I truly love this long-gone Church. Indeed, this was the first “lost church” in Plymouth to get under my skin and I felt I needed to research it to bring it back to the memory of Plymothians and all interested in the Oxford Movement.
Photographs of St James the Less certainly depict a beautiful, sumptuous and ornate church – where in some respects no expense was spared in the provision of ornamentation for the Greater Glory of God.
The Church had a life span of less than 100 years; the Parish was constituted an ecclesiastical district apart from the Parish of St Andrew, Plymouth in 1847 under an Act of Parliament commonly known as “Sir Robert Peel’s Act.” It was destroyed during enemy action on the night of 20 March 1941 – the first night of the Plymouth Blitz.
The history of the Church from 1847 to 1911 was ably documented and recorded by Mrs Dorothy Frances Gurney (1858-1932) – a poet and hymn writer – perhaps known best for penning the wonderful words:
“The kiss of the sun for pardon,
The song of the birds for mirth,
One is nearer God’s Heart in a garden
Than anywhere else on Earth”
Dorothy’s husband, the Rev.
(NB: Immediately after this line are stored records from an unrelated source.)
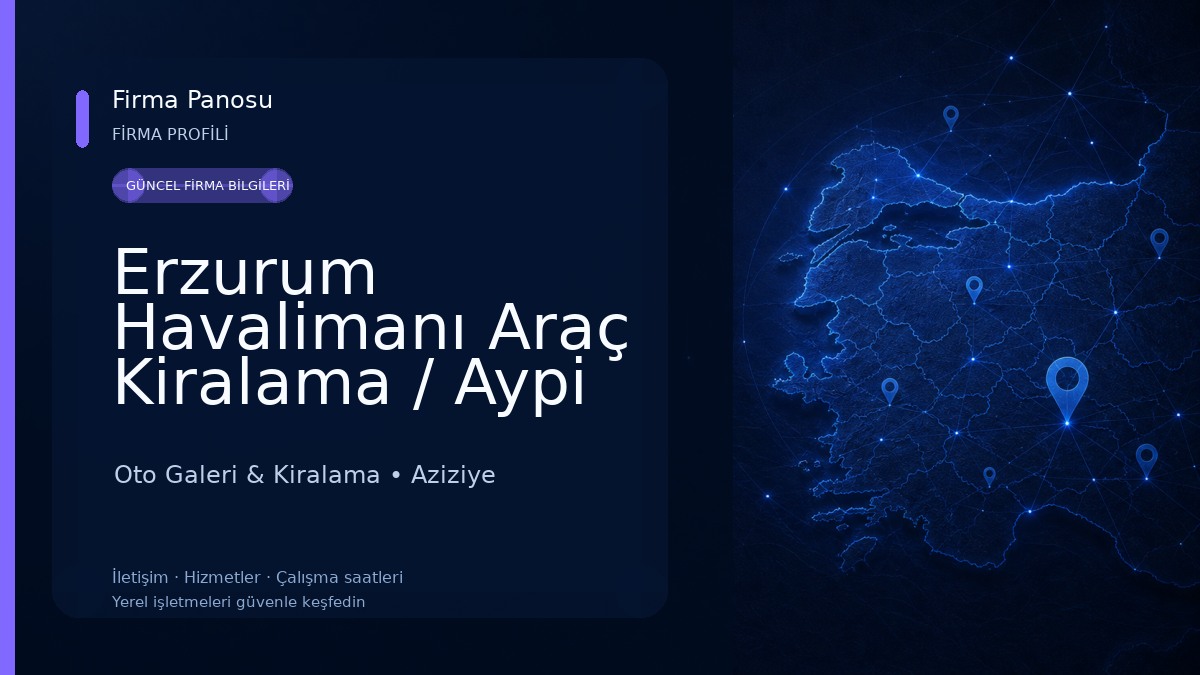 Erzurum Havalimanı Araç Kiralama / Aypi Rent a car, Oto Kiralama Oto Galeri & Kiralama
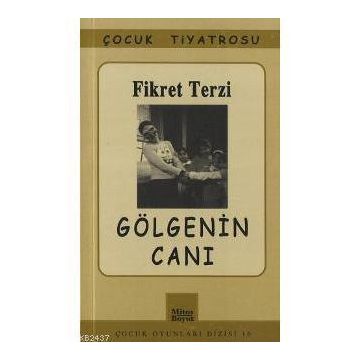 GÖLGENİN CANI - FIKRET TERZI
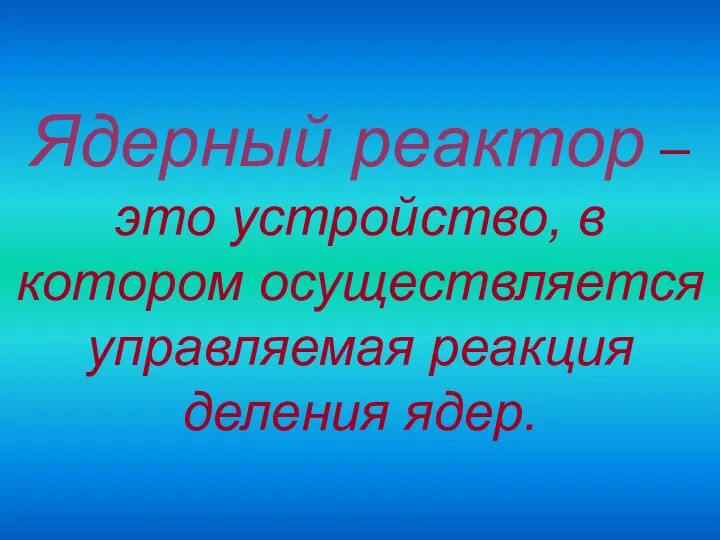 Ядерный реактор – это устройство, в котором осуществляется управляемая реакция деления ядер.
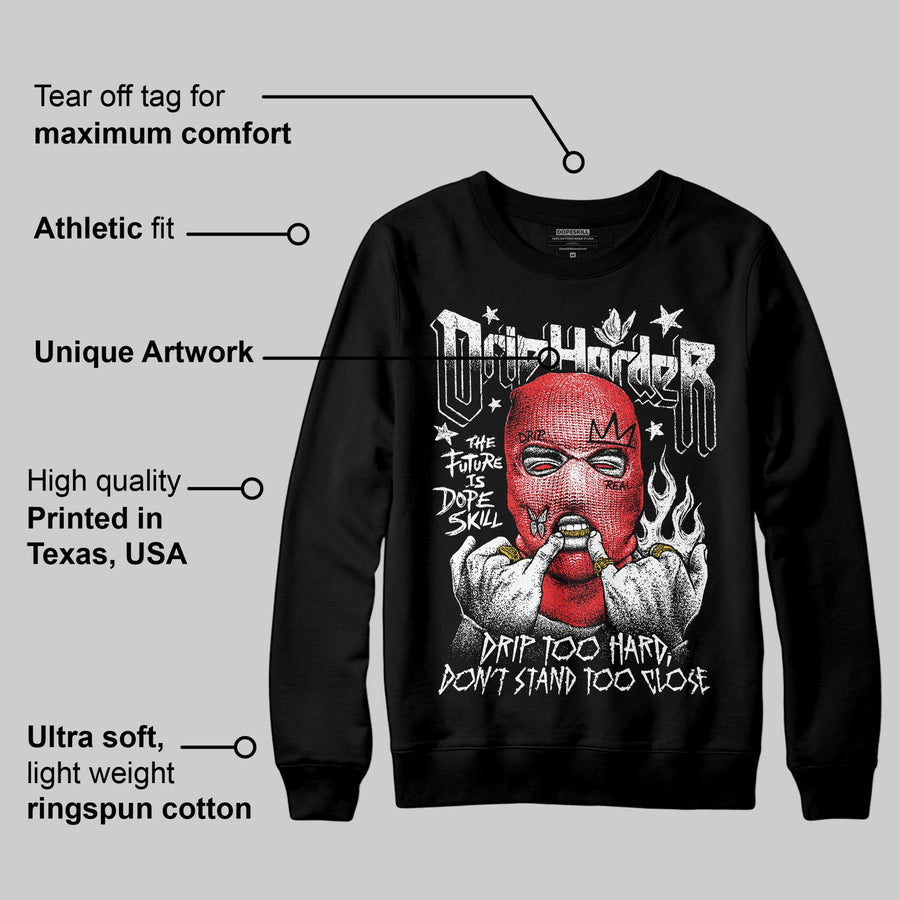 Black and White Collection DopeSkill Sweatshirt Drip Harder Graphic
Gerald Gurney (1862-1939) was Curate at St James the Less and this enabled her to write a particularly interesting and informative history. Copies of her “short history” were sold in 1911 on behalf of the church funds and surviving editions are rare. A copy is held at the Plymouth and West Devon Record Office; I was lucky enough to purchase a copy from a second-hand bookshop in Looe!
Gurney’s account of the early history of the Church is very interesting as it records the employment of Russian prisoners, taken during the Crimean War, as labourers used to set out the foundations:
The first incumbent or perpetual curate was the Rev. W. Hookey. During the eleven years of his incumbency all that was accomplished was the purchase of a site – very inconvenient, but the only one available – and the laying of the foundations of the church. This was done by the Russian prisoners taken in the Crimean War, who were confined in the Millbay Barracks just opposite the church. We might give them a thought when we pray that God will have mercy on all prisoners and captives. The Barracks were pulled down in 1909 and the present park was made on the ground they formerly occupied. These foundations remained for years in a very neglected and desolate state, an eyesore and reproach to the neighbourhood. Meanwhile, services were held in a room in a building called “the Union Baths,” which at other times was used – as its name denotes – for baths and also for many other incongruous purposes.
The early services were as Gurney says held in the old Union Baths on Union Street. The Union Baths had seen rather a change in fortune. At their creation in 1828 (by Foulston, architect) Union Street was a very desirable residence; the introduction of the railway in the late 1840s brought a change in social dynamics and the gentry soon left to inhabit areas in Stoke Damerel or Mannamead.
So it was here in the Union Baths and later a room in a property in Bath Street that services were held until 1861.
On 3 May 1860, the building of the permanent church was begun from designs by Mr [James Piers] St. Aubyn, and the first stone laid by James Yonge, Esq., an old inhabitant of the parish.
Gurney takes the history forward:
In the following year, 1861, the chancel, the organ chamber, the south aisle, and a small portion of the nave, reaching only to the first column, were completed, and this part of the church was consecrated on October 24 by Dr Aubrey Spencer, Bishop of Jamaica, as the Bishop of Exeter, Dr Philpotts, was incapacitated by old age.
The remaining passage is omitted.